Daniel wrote:

> My search-fu is apparently weak, as I couldn't find this answer elsewhere.

> Simply put, what exactly is the purpose of subdirectories in 
> /var/amavis, mainly in the form like 
> '/var/amavis/amavis-20050930T192802-19231'?  It appears to be the 
> location where amavis temporarily stores emails (raw, and separated into 
> parts) for processing.  What is the average duration for these 
> sub-directories?

See http://www.ijs.si/software/amavisd/#faq-gen
This may explain most everything.

> The reason: someone thought it'd be a brilliant idea to put a series of 
> emails with images through email.  We're talking 63M file attachments to 
> -each- mail, and enough of these emails to total up to around 2.9 -GIG-.
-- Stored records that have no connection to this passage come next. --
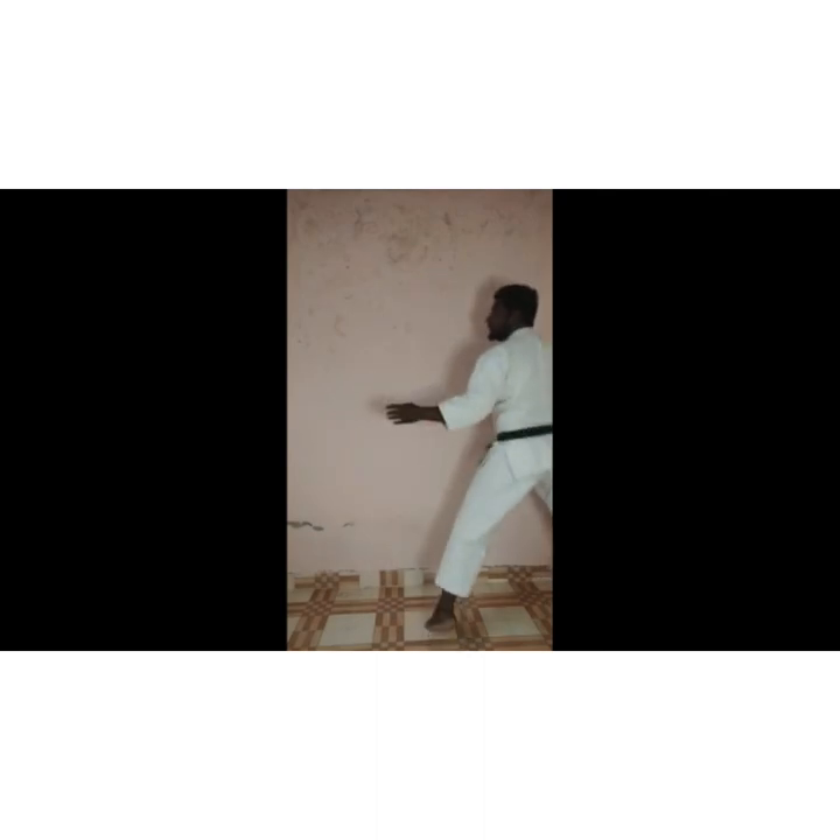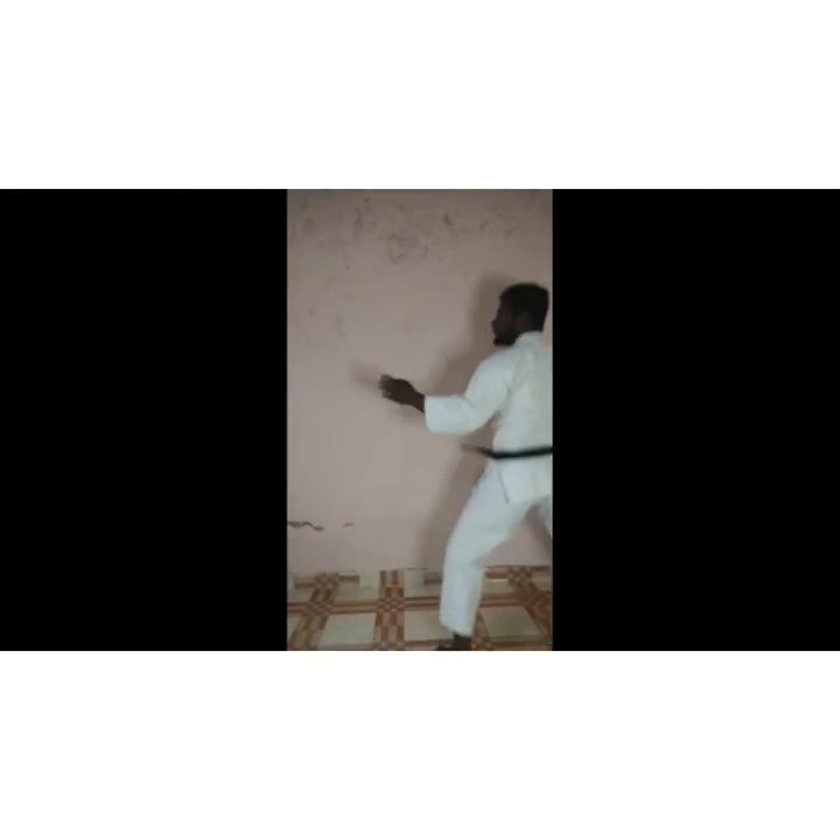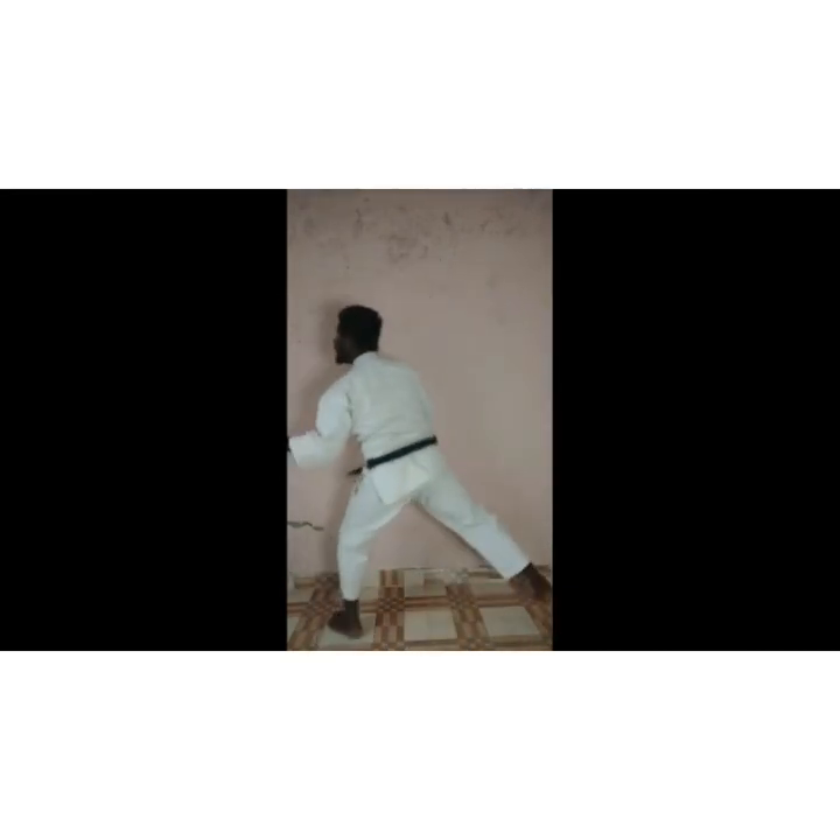One! Two! Three! Four! Five! — practicing the punch repetitions with callouts.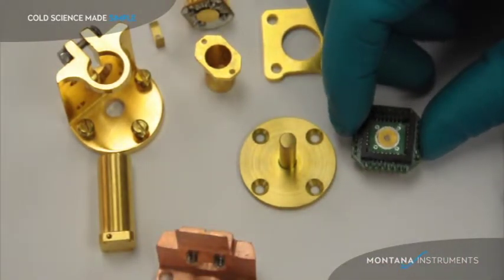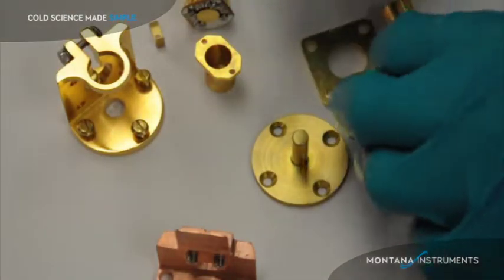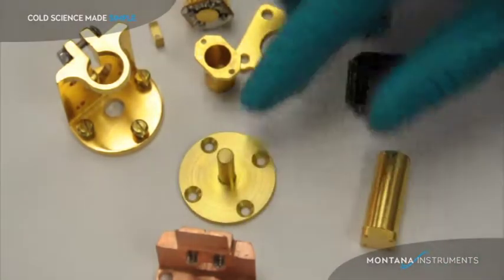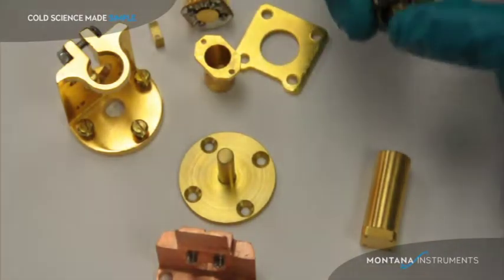Here we have the CB12 and LCC28 thermally damped electrical sample mounts. These mount on the end of the post. You can see the four screws there that mount down, and give you a strong thermal connection of your sample to the post with electrical connections made very easy.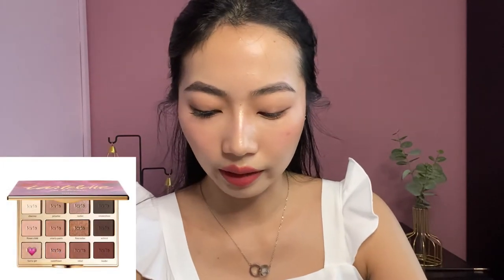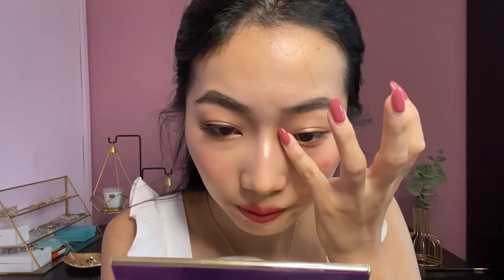Next I will be using a champagne shimmery shade — you can use any champagne shimmer — and apply this shade onto my lower eyelid, focusing on the front of my eyes. Now I will highlight my inner corner using the shade Funny Girl from my palette in blue. I usually just highlight my inner corner using my pinky because I'm lazy, and I'll put the excess on my nose tip to make my nose appear sharper.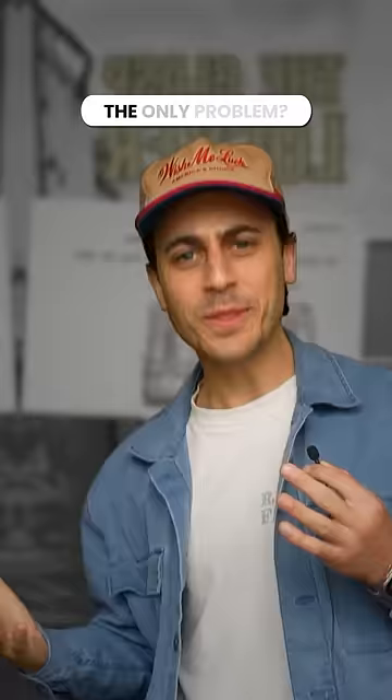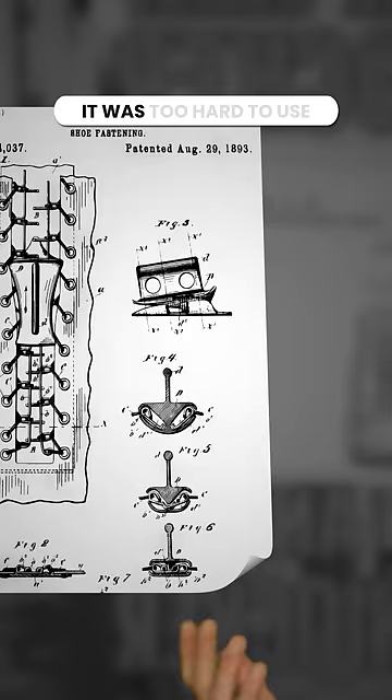The only problem? Well, this thing was complicated. Here's the hook and eye fastener up close. It was just too hard to use.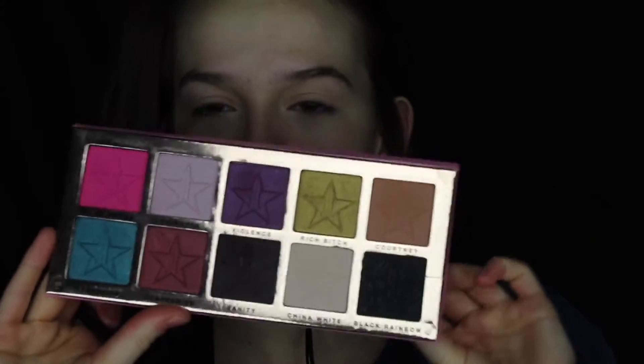For my eyeshadow today I'm going to be using a mixture of these two palettes — this is the Jeffree Star Beauty Killer Palette, which I have yet to use in a video, and I'm going to be using the Modern Renaissance. I'm going to take the Morphe M502 brush and grab the shade Courtney from the Jeffree Star Beauty Killer Palette. It's just a nice transition shade and it's going to go in my crease.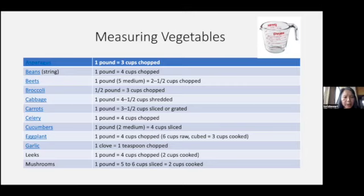I included this table of measuring vegetables because some of the recipes I came across listed quantities by pound — like a pound of celery or a pound of cucumbers. I thought this was a nice guide, so I'm sharing this one.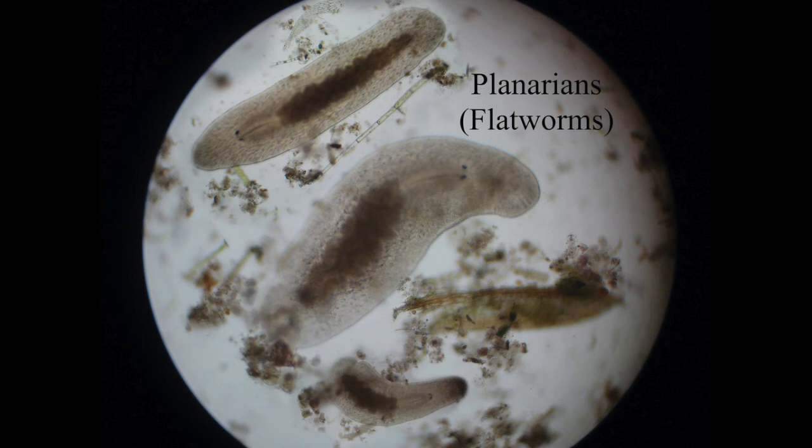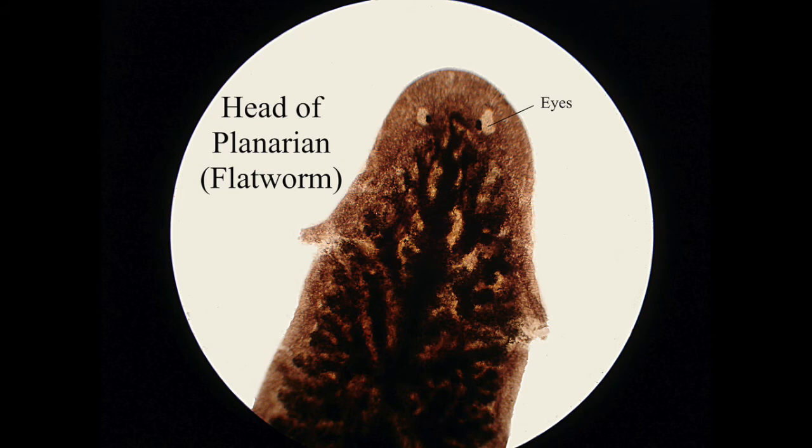Moving on to planarians — these are sometimes called flatworms or flukes. They're obviously very flat and when they move they kind of glide across the surface; they don't wriggle around like a true worm would. You can very clearly see the couple of small eyes on the top, and when you're looking at them under a microscope they have this kind of cute look to them. This is just a close-up of the head of one showing their eyes.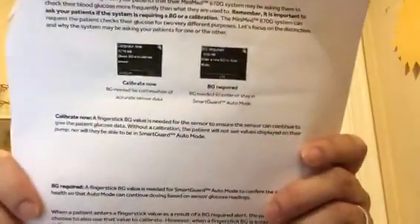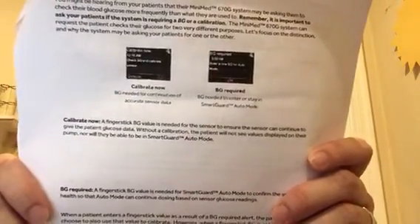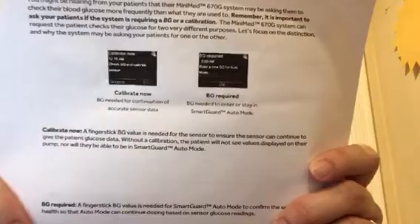The first one is 'Calibrate Now' and that says 'BG needed for continuation of accurate sensor data,' and then 'BG Required' which is 'BG needed to enter or stay in smart guard auto mode.' So 'Calibrate Now' — a finger stick BG value is needed for the sensor to continue giving the patient glucose data. Without a calibration the patient will not see values displayed on their pump, nor will they be able to be in smart guard auto mode. Basically, you've got to calibrate now or you get kicked out of auto mode and you don't have your number anymore.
In the future I would limit the allowed message size in postfix:

message_size_limit = 15728640
# 15MB for example

> We noticed that the email server was acting particularly sluggish, and 
> 'top' revealed CPU usage of up to mid 90% and amavisd (running 
> amavisd-new 2.3.1, spamd, uvscan, postfix, on Mandrake LE 2005 (aka. 
> 10.2)) taking 500-600M of combined memory and swap.  In trying to figure 
> out where these problems were coming from, I visited the sender of all 
> the files (I hate .bmp files more than ever now...  -.- ), and she 
> informed me that all emails had been sent, and had been received at the 
> other end.  So I thought, "Okay, I can clean those directories out of 
> /var/amavis, maybe that'll help."  As there were other sub-directories 
> from 2004, I figured amavis might not always clear out temp email 
> storage in /var/amavis/amavis-{date}T{number}-{number} sub-directories. 
>   So I stopped amavis and postfix, and wiped these sub-directories from 
> /var/amavis.

> Only... the majority of these emails (sent Mon. and Tues., wiped end of 
> the working day on Tues.) started showing up again on Wed.  o.o;  Same 
> emails, same dates for the bodies as evidenced in email.txt files, 
> showing up aprox. every 30 min.  So I wiped these sub-dirs again earlier 
> today (Thurs.).  In the past few hours, they've been coming back AGAIN.  @.@

> When I initially cleaded out /var/amavis, system usage by amavis and 
> overall performance went back to normal.  Each time one of these 
> sub-directories shows up in /var/amavis again, there's a corresponding 
> jump in CPU usage, often back up in the mid-90% range, and the amavisd 
> process seems to continually grow in memory usage as more of these 
> emails come back from the dead.

> Any thoughts/ideas?  Am I only exacerbating the problem by fiddling with 
> these sub-directories in /var/amavis?  If these emails have been 
> successfully sent, why ARE they showing back up in /var/amavis like this 
> in the first place?

There must be timeout/timing issues. I would look through the logs for
evidence of this. I guess Postfix does not think the transaction has been
completed (I'm thinking that when it first sent a message to
amavisd-new, it did not get a reply from amavisd-new in a timely
fashion). I'm not sure, but I suppose it's possible amavisd-new just
kept humming along, and eventually delivered the message back to
Postfix (on the output side of amavisd-new), but Postfix had given up on a reply
from amavisd-new some time ago (on the input side). Following the sequence
of events in the logs would be interesting. Raise $log_level to gain more
details if needed. To end the agony, I would look in your log to obtain the
postfix queue_id's of the messages that are stuck in the deferred queue
(the ones that are From: the offending sender, and To: the ones she sent
them to, and have timed out). Use the mailq command to help with that. Then
I would delete them from the deferred queue, one by one.